Episódios importantes na história da reprodução gráfica – como por exemplo a arte holandesa no século XVII, a arte por volta de 1900 e o Expressionismo Alemão – tiveram destaque especial, ao passo que períodos pouco expressivos, como o século XVIII, ganharam menos atenção. Ao lado de obras de artistas famosos foram incluídas gravuras de pequenos mestres, que não podiam faltar em razão do alto nível e/ou da originalidade de seu trabalho.


O uso da gravura no expressionismo
por Carlos Martins e Valeria Piccoli

O expressionismo é um fenômeno europeu do início do século XX que encontrou na Alemanha condições particularmente propícias para seu desenvolvimento. Em 1905, um grupo de artistas forma o Die Brücke (A Ponte), que terá continuidade no Der blaue Reiter (O Cavaleiro Azul), a partir de 1911. Apresentando propostas revolucionárias para o fazer artístico, esses artistas se opõem ao caráter essencialmente sensorial do Impressionismo. Se por impressão consideram a realidade que se imprime na consciência, por expressão entendem a subjetividade que se imprime à realidade. O Expressionismo pressupõe o compromisso do artista com relação às questões sociais e à situação histórica, almejando uma relação efetiva com a sociedade. Assim sendo, a questão da comunicação é de fundamental importância. Esses preceitos nortearam também os expressionistas que não participaram dos dois grupos seminais do movimento, e até mesmo as derivações ocorridas em outros países.

Os expressionistas recorreram largamente à gravura, que, em seus primórdios, foi a forma mais simples e direta de expressão e comunicação, tendo se tornado uma tradição para ilustrações na Alemanha. Assim, com a maneira artesanal pela qual a matriz é feita, o artista deixa expressa sua marca sobre a matéria resistente do metal ou madeira; impressa a matriz, a imagem se multiplica e propicia uma ampla circulação de suas idéias.

A linguagem formal da gravura se desenvolve ao mesmo tempo que a da pintura, e, ao exercerem mútua e íntima influência, constroem uma coesa poética visual, até então inédita em qualquer outro momento da história da arte.
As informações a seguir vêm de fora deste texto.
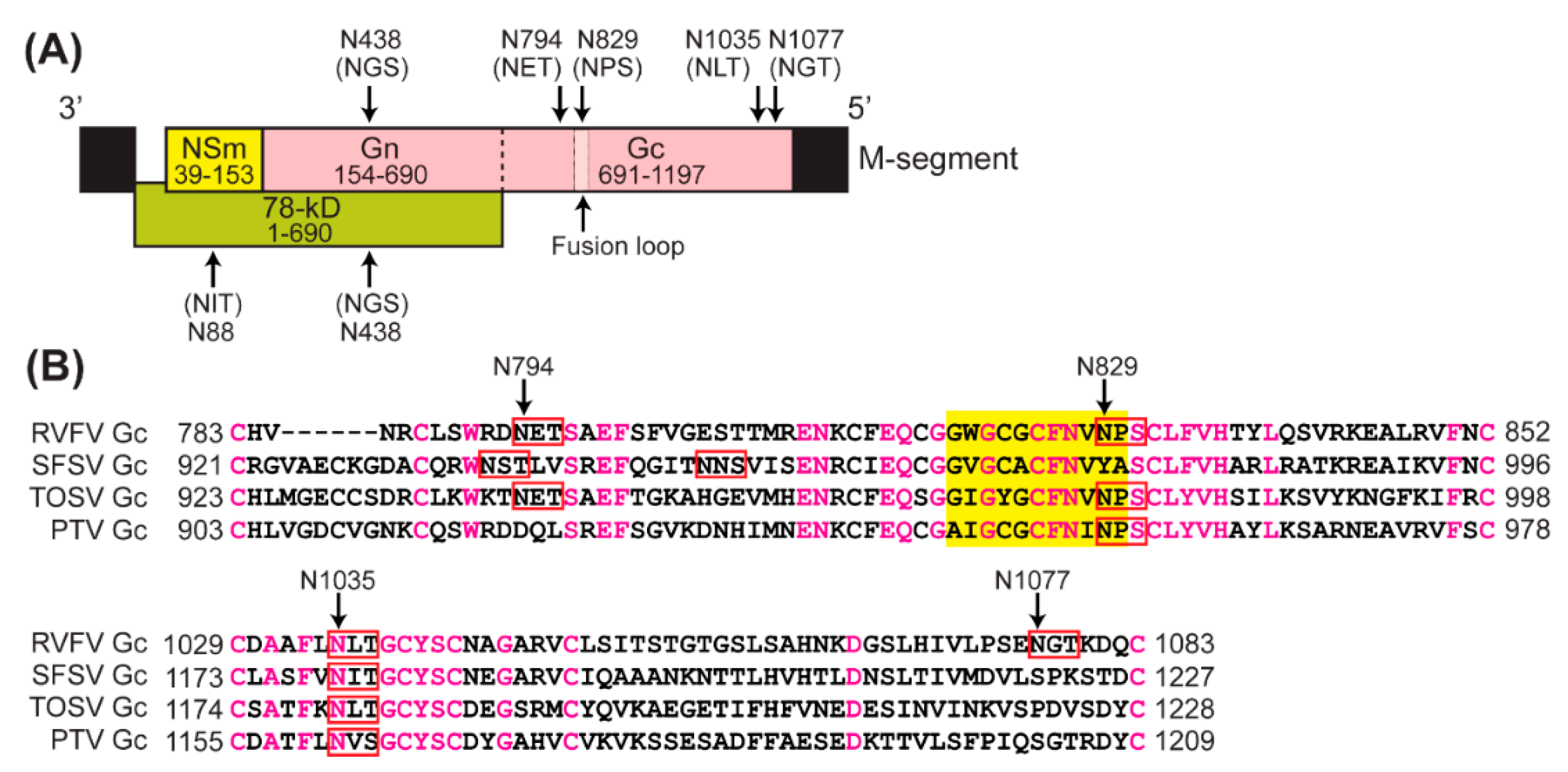 Viruses Free Full Text N Glycans On The Rift Valley Fever Virus Envelope Glycoproteins Gn And Gc Redundantly Support Viral Infection Via Dc Sign Html Viruses Free Full Text N Glycans On The Rift Valley Fever Virus Envelope Glycoproteins Gn And Gc Redundantly Support Viral Infection Via Dc Sign Html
A força das imagens deriva da rigidez e angulosidade das linhas, da utilização de formas maciças, da simplicidade arcaica do fazer e da referência à arte dos povos de uma civilização mais autêntica. Imagens que prenunciam e registram um período entremeado de melancólicos e negros presságios de guerra e morte.

Schmidt-Rottluff, talvez o mais contundente dos artistas do Die Brücke, imprime em suas xilogravuras uma vigorosa tensão, ao passo que, entre os expressionistas independentes, Beckmann fere o metal com a veemência de sua ponta-seca para apresentar um “circo” de personagens e situações insólitas. Otto Dix, personagem predominante no período entre guerras, mostra o homem em sua penúria e estado peculiar, com malícia e fealdade.